Nonn ordnet das Wirken Bismarcks stärker als Kraus in den Gang der europäischen Geschichte ein. Die neuerdings wieder aufgekommene Meinung, der Deutsche Bund hätte zu einem Nationalstaat weiterentwickelt werden können, teilt er nicht. Auch er betrachtet den »Kulturkampf« und das Sozialistengesetz als schwere Fehler. Die These des jüngst verstorbenen Historikers Hans-Ulrich Wehler, die Bismarcksche Reichsgründung habe eine Demokratisierung und Modernisierung Deutschlands verhindert, lehnt Nonn jedoch ab. Über die Vorgeschichte des Deutsch-Französischen Krieges behauptet er kühn: »Wenn es in Europa jemanden gab, der vor 1870 auf einen Krieg hinarbeitete, war es offensichtlich jedenfalls nicht Bismarck, sondern Napoleon III.« Sehr spekulativ ist auch seine These, bei einem Staatsstreich, wie Bismarck ihn 1890 ins Auge fasste, hätte dieser »wahrscheinlich« seine Distanz zur antisemitischen Bewegung aufgegeben.

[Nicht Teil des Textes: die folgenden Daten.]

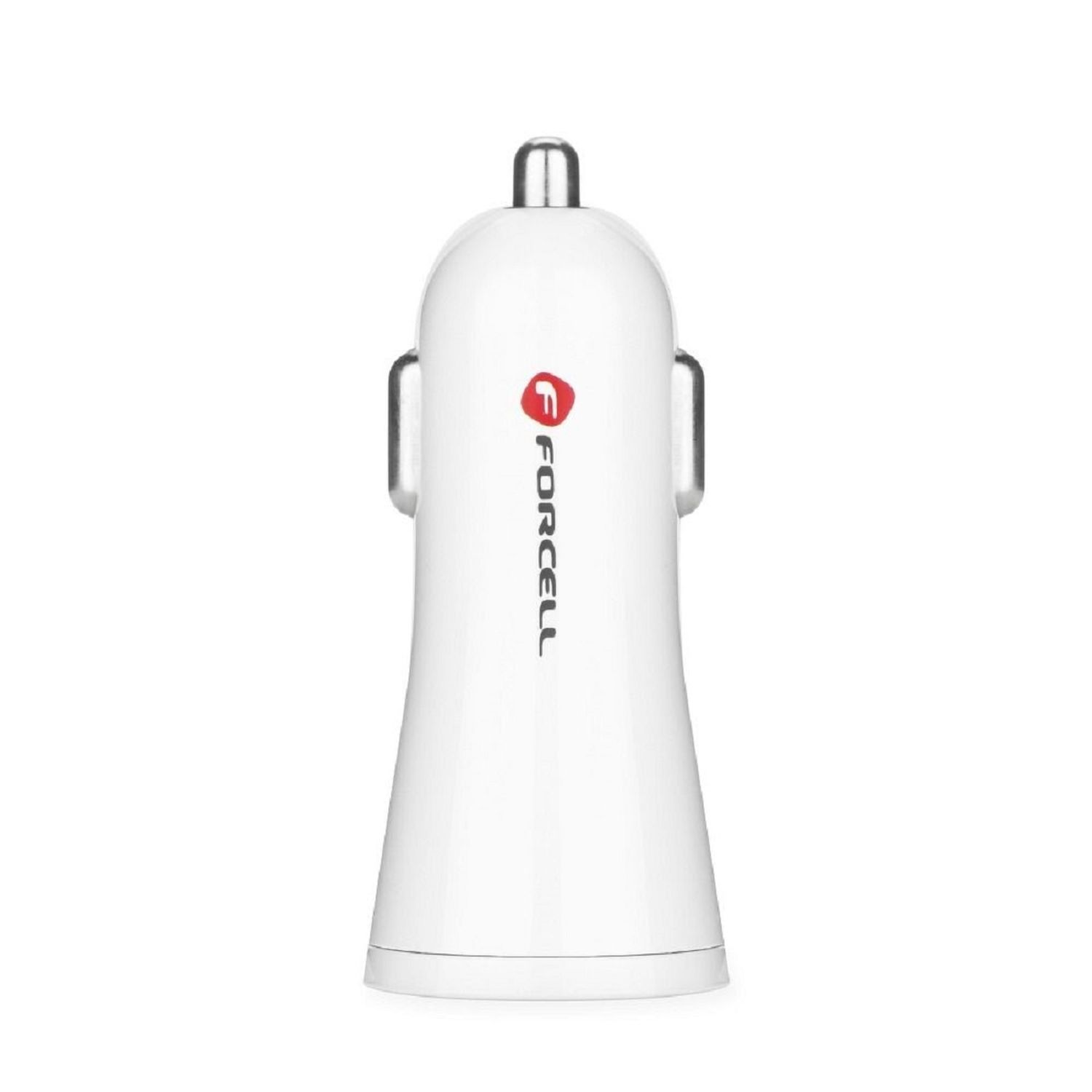 Caricabatterie per auto bianco con logo rosso e bianco. Sfondo bianco.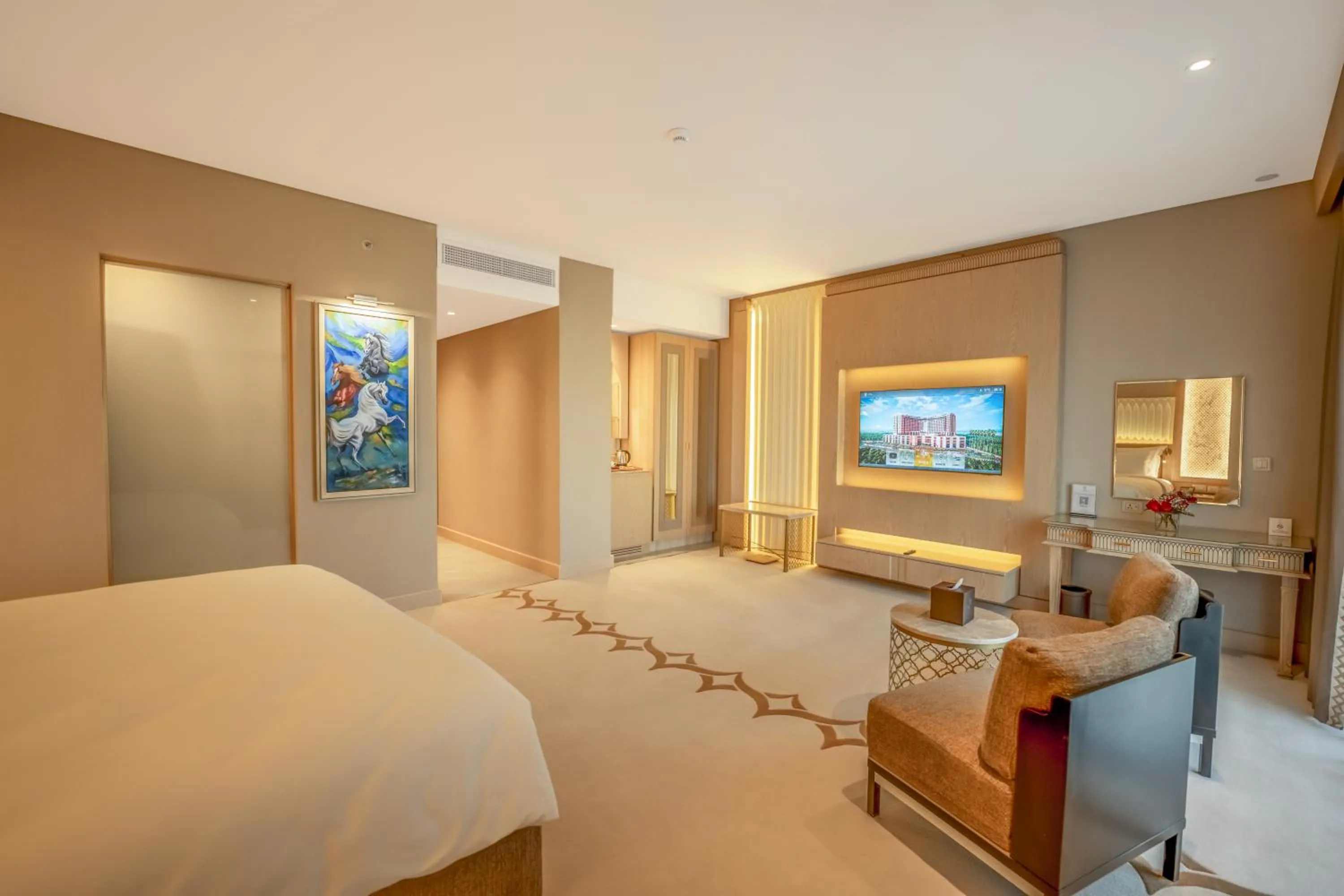 Seating area, Bed in World Heart Hotel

Alles in allem überwiegt bei Kraus und Nonn die positive Sicht auf Bismarck. Im Bestreben, locker zu formulieren, unterlaufen Nonn mitunter flapsige Bemerkungen. Sprachlich ist das Buch von Kraus das gelungenere; die Person Bismarcks wirkt bei ihm plastischer.

Gerd Fesser

Hans-Christof Kraus: Bismarck. Größe - Grenzen - Leistungen. Klett-Cotta. 330 S., geb., 19,95 €. Christoph Nonn: Bismarck. Ein Preuße und sein Jahrhundert. C. H. Beck. 400 S., geb., 24,95 €.